▸ **Exercise prompt**:
Please copy the listing below in its entirety, without alteration.

▸ **Data for this exercise**:
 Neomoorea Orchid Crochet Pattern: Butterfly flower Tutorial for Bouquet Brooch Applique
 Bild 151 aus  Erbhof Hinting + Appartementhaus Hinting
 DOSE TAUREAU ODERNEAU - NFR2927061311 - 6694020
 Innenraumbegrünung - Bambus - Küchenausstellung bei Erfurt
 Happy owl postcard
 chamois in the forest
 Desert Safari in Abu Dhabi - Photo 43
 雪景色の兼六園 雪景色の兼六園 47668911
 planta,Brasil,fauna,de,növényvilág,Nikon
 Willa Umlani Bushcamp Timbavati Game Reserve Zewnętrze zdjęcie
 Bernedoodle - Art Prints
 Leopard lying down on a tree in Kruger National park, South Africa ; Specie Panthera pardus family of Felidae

▸ **Finished task**:
 Neomoorea Orchid Crochet Pattern: Butterfly flower Tutorial for Bouquet Brooch Applique
 Bild 151 aus  Erbhof Hinting + Appartementhaus Hinting
 DOSE TAUREAU ODERNEAU - NFR2927061311 - 6694020
 Innenraumbegrünung - Bambus - Küchenausstellung bei Erfurt
 Happy owl postcard
 chamois in the forest
 Desert Safari in Abu Dhabi - Photo 43
 雪景色の兼六園 雪景色の兼六園 47668911
 planta,Brasil,fauna,de,növényvilág,Nikon
 Willa Umlani Bushcamp Timbavati Game Reserve Zewnętrze zdjęcie
 Bernedoodle - Art Prints
 Leopard lying down on a tree in Kruger National park, South Africa ; Specie Panthera pardus family of Felidae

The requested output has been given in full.